The application of MSNPs in the biomedical field has been studied widely over the last decades. The conclusion derived from the reports suggests that the toxicities depend on the characteristics of the carriers but were found to vary to derive a conclusion. Fu et al.[84] and other collaborators reported that the oral administration of MSNPs was safe in vivo, when it was administered parenterally they reported that it was deposited in the liver and spleen which was cleared off in a month when studied on mice[83-85]. Though the carrier shows tremendous potential for biocompatibility and efficacy, a lack of in-depth understanding of the interactions in human physiology needs to be addressed. In the last decade, the MSNPs showed safety in clinical trials[86]. Orally delivered ibuprofen and simvastatin showed a 1.95 and 3.5 times respectively improvement in bioavailability[87]. The oral bioavailability of fenofibrate was improved by 54 % over the conventional dosage form[88]. These data reveal that the safety of MSNPs is established for oral delivery of drugs[89-95]. The number of growing research in this field is an indication of its application in the drug delivery and targeting as analysed in fig. 6.

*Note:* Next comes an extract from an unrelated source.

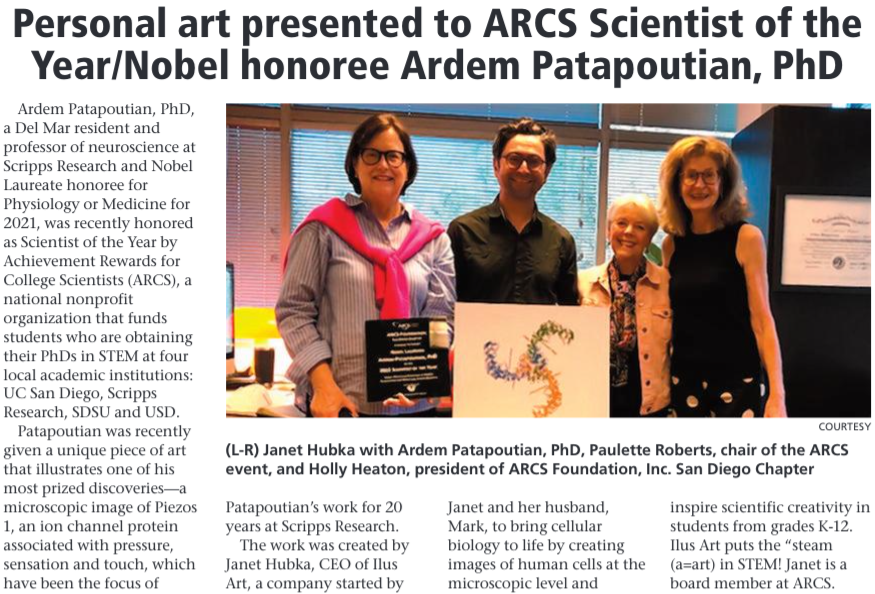 SanDiegoARCS's tweet photo. Congrats &amp; heartfelt thanks to #ARCSMember Janet Hubka, CEO @ilus_art, for creating the perfect gift for 2022 SOY @ardemp; namely, a microscopic image of the Piezo1 ion channel protein that helps cells to sense touch, the focus of his work @scrippsresearch leading to @NobelPrize. https://t.co/oHyhyqqmoW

Fig. 6: No of growing research in drug delivery and targeting using MSNPs for the last decade.


MSNPs have been profoundly studied for drug delivery and created a huge impact in the field of diagnosis and treatment of various diseases. It has shown its potential in fabrication, multifunctional nanocarrier for site-specific delivery, theranostic purpose and multiple drug loading. The unique physicochemical properties and functionalization of the surface for a triggered response make it a novel carrier to overcome the difficulties associated with the temporal and spatial placement of the drug. Compare to other inorganic nanoparticles it has shown its greater effectivity against cell penetration and is also found to be biocompatible. The invention of Cornell Dots or C Dots to trace the cancer cells in the body proves its acceptability for clinical translation. Though the remarkable outcomes of silica nanoparticles are promising, still the question lies in the reproducibility of its production on an industrial scale and the development of sensitive analytical  procedures  for  its  characterization. The non-clinical development of long-term tissue compatibility, genotoxicity, and teratogenic effect should be explored more for clinical translation. The in vivo degradation mechanism should be established to support the absence of chronic toxicity. Therefore, once the bridging between preclinical and clinical study is established, the use of MSNPs for drug delivery and pharmaceutical development will support an optimistic future in patient care.

Conflict of interest:

Authors declare that there is no conflict of interest.